Other main courses include short-rib beefsteak (NT$760) and several seafood pastas for NT$540. All main course meals come with soup (creamy pumpkin with bacon bits on this visit), a bread roll (which was a little stale), a drink (coffee, tea, soda or juice; the mango-pomelo juice with vinegar is good on a hot day) and dessert.
For something lighter, there’s a selection of salads and pizzas, but the pictures in the menu don’t hold out much promise. The Caesar salad (NT$250) looked thoroughly unappetizing, with a photograph showing a clump of lettuce overflowing with a creamy dressing and whole strips of bacon covered in cheese.
My dining companion liked the “Italian-style tomato and cheese pizza” (NT$300), which I found too salty. The thin crust was also too oily, but the dish won points for fresh toppings, which included buffalo mozzarella. However, pizza aficionados will likely be disappointed, and the portions — it’s an 8-inch pie — are small for what you pay.

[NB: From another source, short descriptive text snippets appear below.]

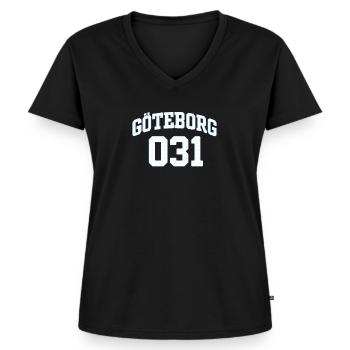 Göteborg 031 Sportshirt - Frauen Premium Bio T-Shirt mit V-Ausschnitt - Schwarz - Vorne - AI Model Female 172 light (172cm)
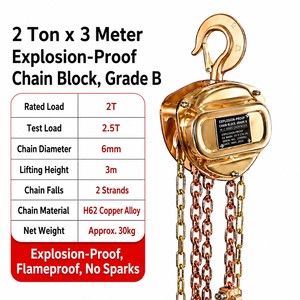 Alat Angkat Rantai Tangan Bahan Tembaga H62 Anti Percikan Api dan Tahan Api 2T 3m Kelas B untuk Penggunaan Keamanan Industri - Product Image 2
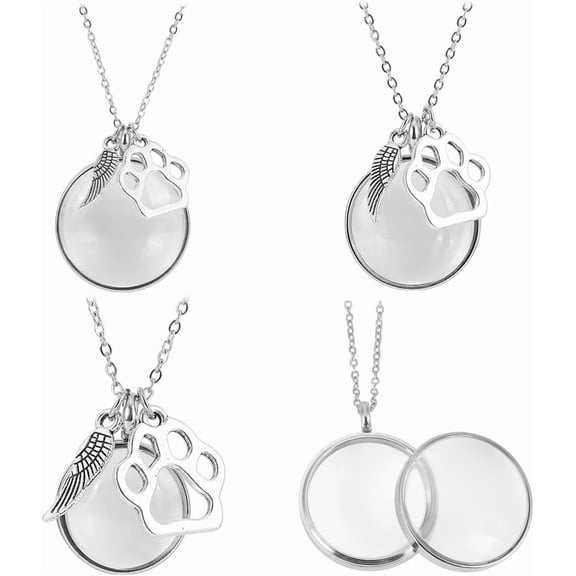 3Pcs Pet Hair Memorial Necklace Stainless Steel Fur Ashes Keepsake Necklace Clear Glass Locket Necklaces with Wing Paw Cat Dog Urn Picture Memorial Jewelry for Women Men Personalised Gift Clear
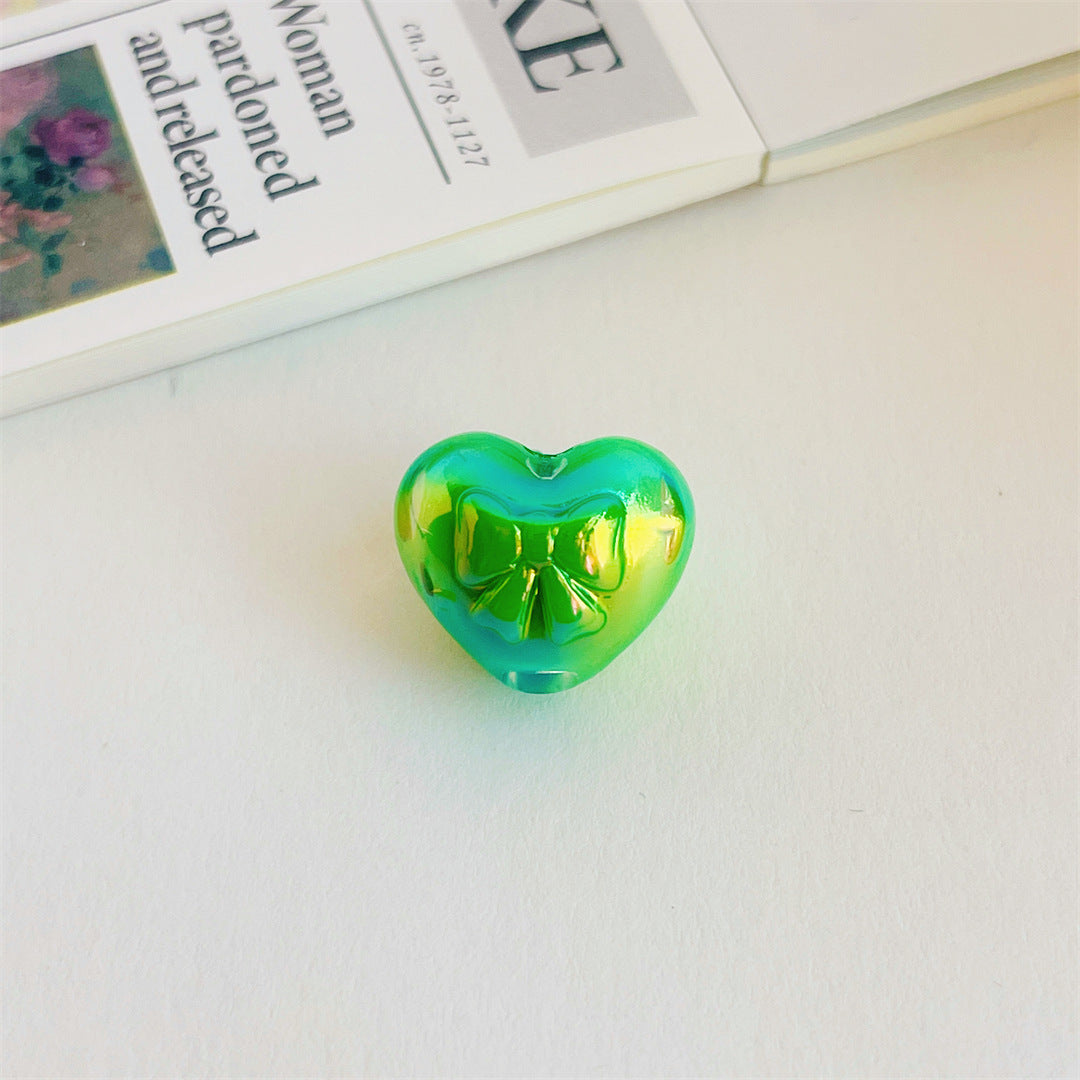 Two-Tone Acrylic Bow & Heart Beads – Colorful Cute Shape Beads for DIY Phone Charms, Bracelets, Hair Accessories & Jewelry Making
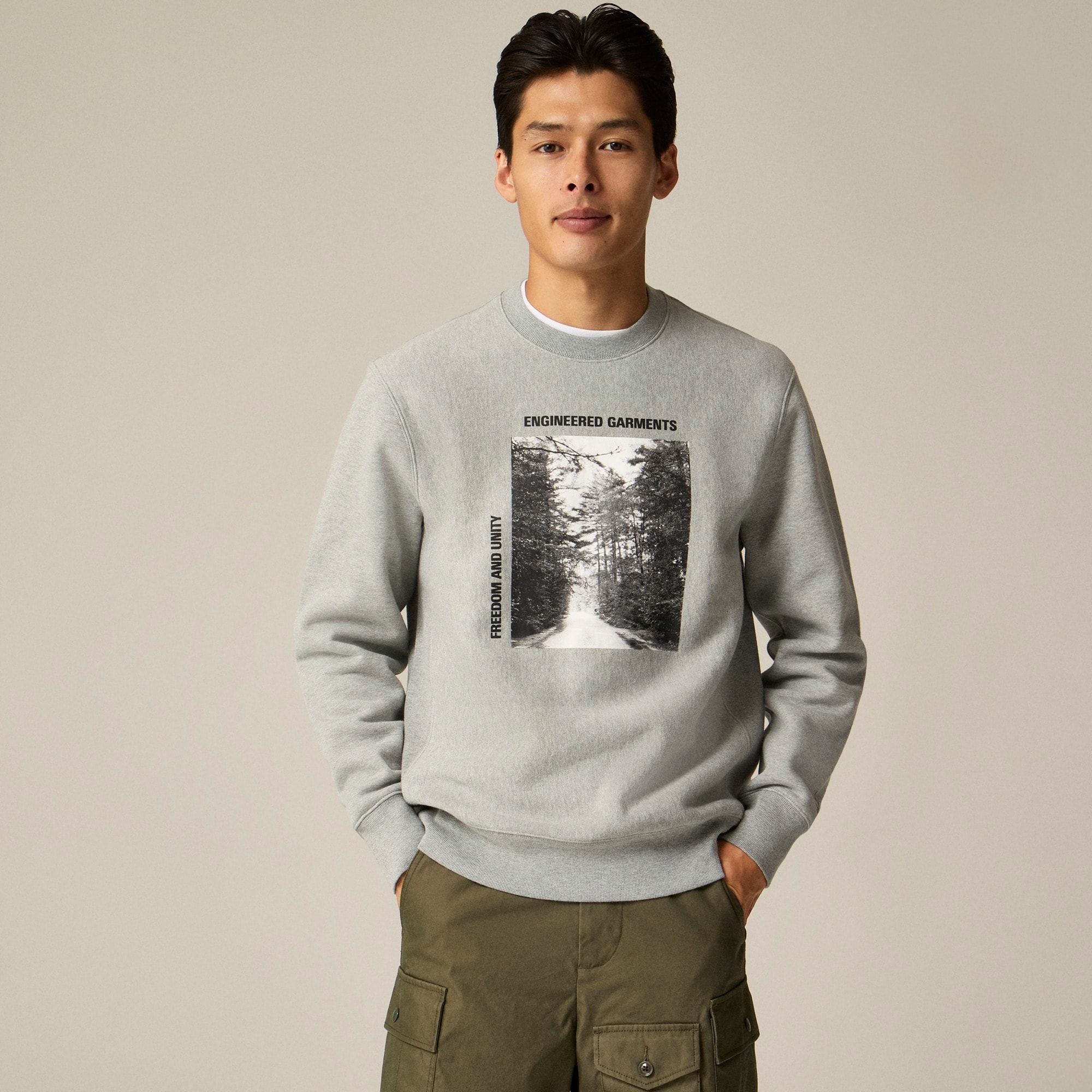 mens Limited-edition Engineered Garments X J.Crew heritage 14 oz. fleece graphic sweatshirt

The dessert selection consists of Thai-style ice cream (a scoop of vanilla served with tapioca and sweet beans), Black Forest banana cake and apple pie. At NT$160 for a single order, neither the ice cream nor the apple pie are worth trying, unless you get them with a main course meal.
But there’s no need to splurge to enjoy the scenery and the comfy seating at Waterfront. The minimum charge per person is NT$150 (plus 10 percent service charge), and the restaurant offers a large variety of beverages to fuel an extended chat with friends. Espresso drinks, tea, juices and smoothies run from NT$160 to NT$180; Heineken on tap is available at NT$250 for 500ml and NT$1,100 for 2,500ml and bottled beers from the microbrewery North Taiwan Brewing Company are NT$180 each.
When the weather is nice on weekends, expect large crowds and a long wait. The restaurant recommends making a reservation a week in advance for a table with a view. And don’t let the sunshine or a light rain scare you away — the entire arcade is covered by a large awning that provides ample protection.